Karen Knorr at the Fox Talbot Museum

Another Way of Telling

May 26 – September 9, 2018
10:30am – 5pm Daily

Artist Reception June 8, 2018

Fox Talbot Museum
Lacock, Chippenham
SN15 2LG

Karen Knorr presents new work from India and Japan for the first time in a UK museum dedicated to photography and its invention by Fox Talbot.

The photographic work of Karen Knorr is the Fox Talbot Museum’s second exhibition in the 2018 Women and Power celebration. Her work arises out of cultural research she undertakes and is in response to traditions, materials, furniture and ways of living.
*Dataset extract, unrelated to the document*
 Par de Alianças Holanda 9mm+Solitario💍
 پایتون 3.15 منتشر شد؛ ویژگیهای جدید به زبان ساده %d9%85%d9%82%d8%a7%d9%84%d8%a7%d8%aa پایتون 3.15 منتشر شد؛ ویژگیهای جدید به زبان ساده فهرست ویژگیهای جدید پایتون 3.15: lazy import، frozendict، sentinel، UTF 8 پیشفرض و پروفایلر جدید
India Song: Karen Knorr celebrates the rich visual culture, the foundation myths and stories of India, such as the Ramayana focusing on Rajasthan using sacred and secular sites to consider caste, femininity and its relationship to the animal world. Interiors are painstakingly photographed with a large format analogue camera and high resolution digital cameras . Live animals photographed are inserted into the architectural sites, fusing high resolution digital with analogue photography. Animals photographed in sanctuaries, zoos and cities are placed digitally into palaces, mausoleums, temples and holy sites, interrogate Indian cultural heritage and rigid hierarchies. Cranes, zebus, langurs, tigers and elephants mutate from princely pets to avatars of past feminine historic characters, blurring boundaries between reality and illusion and reinventing the ancient Panchatantra tales for the 21st century.
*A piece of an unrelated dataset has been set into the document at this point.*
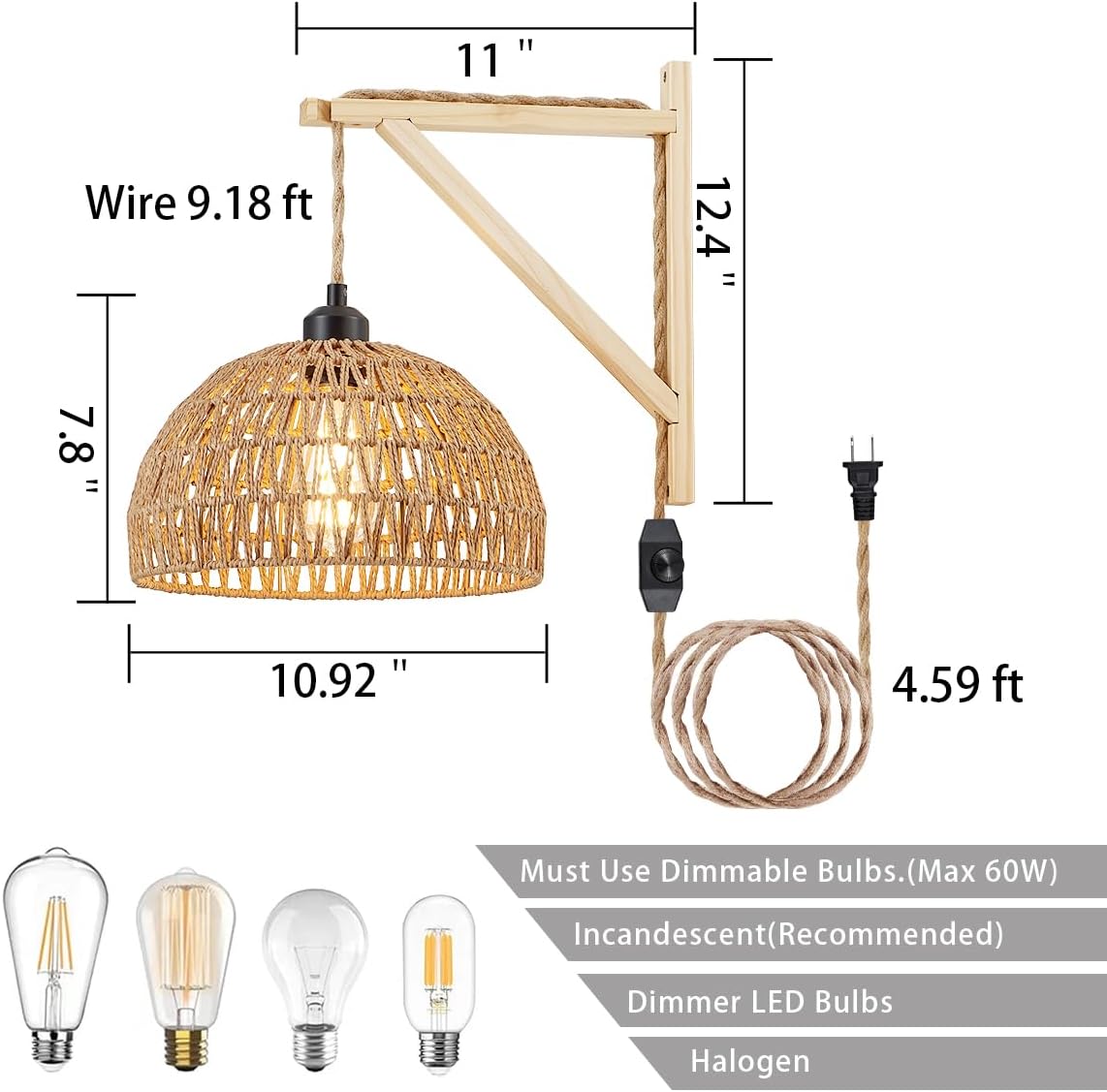 KAMTAT Boho Rattan Wall Sconce Plug in Hanging lamp Hand Woven Plug in Wall Sconces Rattan Rope Wall Light Farmhouse Wall Mounted Light Boho Wall Sconces Wall Lighting for Bedroom Living Room(1PK)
Monogatari: Undertaken in Daitoku-ji’s Obai-in temple, this work is part of Knorr’s ongoing series titled “Monogatari,” a piece inspired by the artist’s reflection of Japan’s cultural heritage and the wabi-sabi aesthetic (a Japanese sense of beauty that emphasizes simplicity and imperfection) during her travels through the country in 2012. Themes include animal life, Japanese cultural heritage, and myths; especially those of animals appearing in the temple and shrine architecture of Tokyo, Nara, and Kyoto, and those featured in the Tale of Genji. Knorr’s work also introduces animals that personify ghosts and supernatural monsters belonging to local folklore. Women wearing kimonos also appear to symbolize the omnipresence of tradition.